▶ **Records shown**:
========
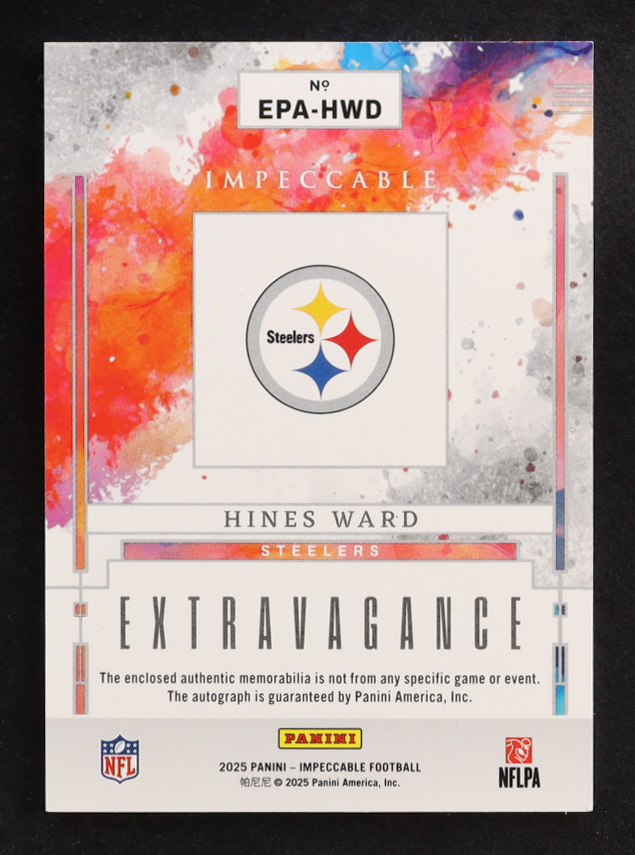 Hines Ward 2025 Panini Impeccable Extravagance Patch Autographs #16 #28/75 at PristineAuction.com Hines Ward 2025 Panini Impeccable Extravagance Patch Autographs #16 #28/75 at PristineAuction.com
========
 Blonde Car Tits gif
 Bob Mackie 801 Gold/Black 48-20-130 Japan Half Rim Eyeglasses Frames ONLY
========
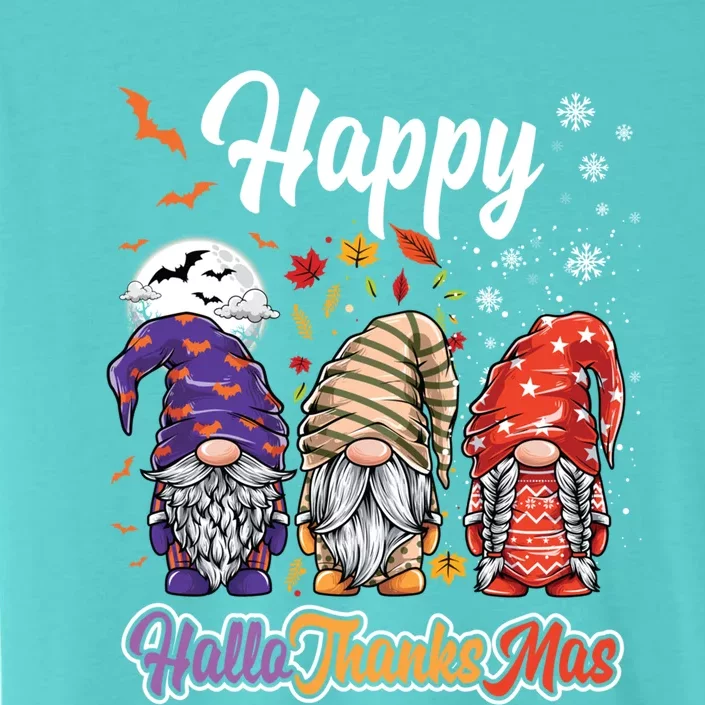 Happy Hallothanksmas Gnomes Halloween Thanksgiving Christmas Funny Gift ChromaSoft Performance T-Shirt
========
Both the line containing "Blonde Car Tits gif" and the line containing "Bob Mackie 801" belong in the answer. Print them and every line above that falls between them exactly, and no others.

 Blonde Car Tits gif
 Bob Mackie 801 Gold/Black 48-20-130 Japan Half Rim Eyeglasses Frames ONLY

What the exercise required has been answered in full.